3.5 MPEG audio layer 3 (MP3)
In connection with frequency masking, we said that the masked sound B in Figure 3.5 did not need to be encoded. You might wonder how sounds can be selectively encoded if others are present at the same time. The answer is by splitting the audio band into sub-bands which are encoded separately. If a masked sound occupies a different sub-band from a masking sound, one can be ignored and the other encoded.
Figure 3.7 shows the elements of the creation of an MP3 audio file. The source input is generally assumed to be an audio data stream from either a CD (fs = 44.1 kHz) or studio-recorded material (fs = 48 kHz). The signal is filtered into 32 critical frequency sub-bands that are designed to reflect the way the ear perceives sounds.
The 32 critical sub-bands are sampled separately, yet this does not increase the total number of samples beyond what would be required if the audio band were not split into sub-bands. Sub-bands typically have a width of 750 Hz, for which the sampling theorem requires a minimum sampling rate of 2 × 0.75 kHz = 1.5 kHz. Therefore, across the 32 sub-bands, the minimum number of samples per second must be 32 × (1.5 × 103) or 48 × 103. This is exactly the same as for a single band with a total bandwidth of 32 × 0.75 kHz = 24 kHz, for which the sampling theorem requires the minimum sampling rate to be 48 kHz.

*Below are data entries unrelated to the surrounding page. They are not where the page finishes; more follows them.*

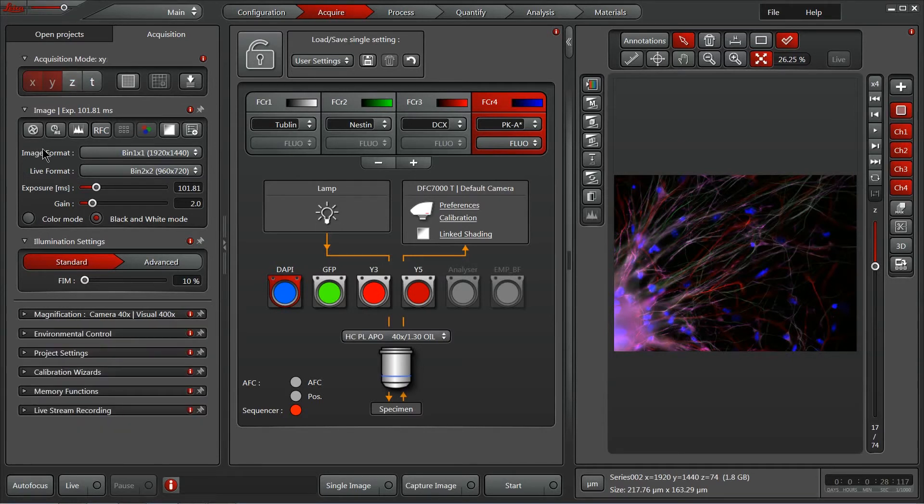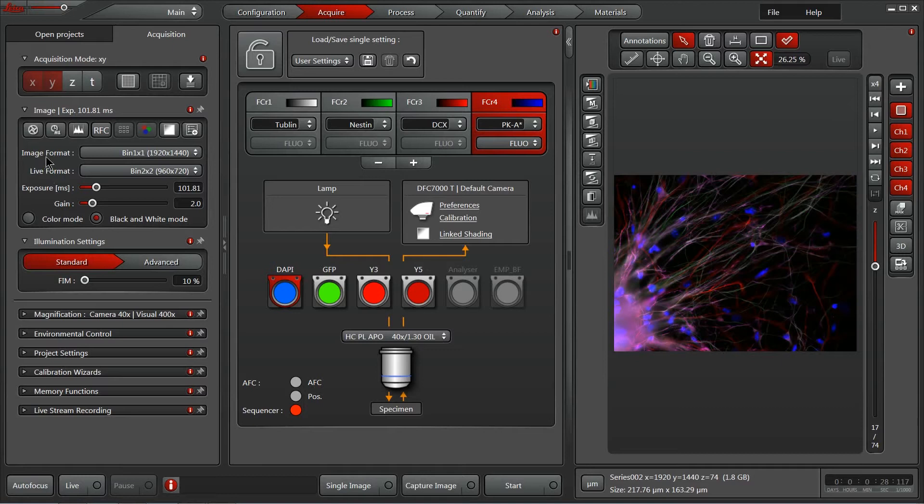Beneath that, we have our imaging control window, where our camera's exposure time, gain, and settings can all be accessed. These can be either identical across multiple channels, or customized for each of the channels that you've set up.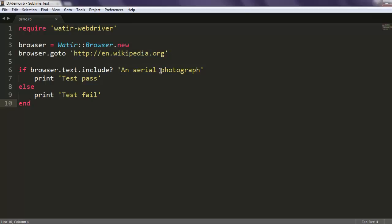So the code is: we first imported Watir web browser module. After that, we are creating new browser instance, then navigate it to en.wikipedia.org.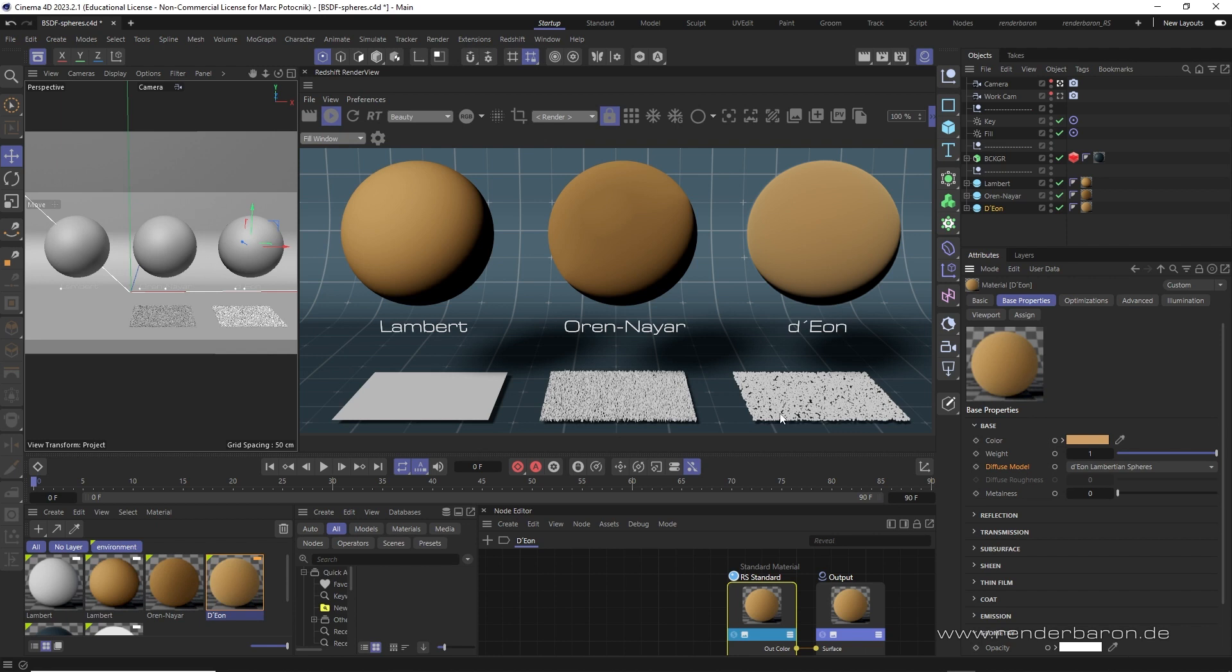However, instead of a height field with Lambertian behavior, the microfacets are based on small spheres with Lambertian behavior. This preserves brightness and saturation of the material and optimizes the rendering of rough, powerless materials.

Once the source signal has been split into critical sub-bands, the next step is to determine the amount of masking in each sub-band and its effect on adjacent bands – the so-called mask-to-noise ratio (MNR). This makes extensive use of the two psychoacoustic masking effects of the ear discussed above to govern the appropriate quantisation levels to be used in each different frequency sub-band. Collectively these define the masking threshold, which determines which frequencies will and will not be coded.
If the signal level in a sub-band is below the masking threshold, it is not encoded; if it is above the threshold, it will be coded using variable bit-rate coding (VBR). In VBR, the number of bits allocated to represent each frequency component is based upon the level of quantisation noise. In digital audio, the S/N ratio is approximately equivalent to ~6 dB bit−1 so the more bits allocated the higher the S/N ratio.
As an example, Table 3.1 shows the output levels of the first 12 critical sub-bands at a specific instant for an MP3 encoder. The output levels indicate the extent to which the level in any particular sub-band exceeds the threshold of hearing in that sub-band. If the output level were 0 in any sub-band, encoding would not be required in that sub-and because the output level would be on the threshold of audibility.
Sub-band 4 has a high output level of 58 dB. Suppose this produces an effective masking threshold of 16 dB to sub-band 5. As 16 dB exceeds sub-band 5’s output level of 12 dB, sub-band 5 does not need to be encoded in the time period covered by these output levels.
Activity 3.3 Self assessment
Suppose sub-band 4 produces an effective masking threshold of 20 dB to sub-band 3. Does sub-band 3 need to be encoded?
The output level of sub-band 3 is 42 dB, which is above the masking threshold of 20 dB provided by sub-band 4, so this sub-band needs to be encoded.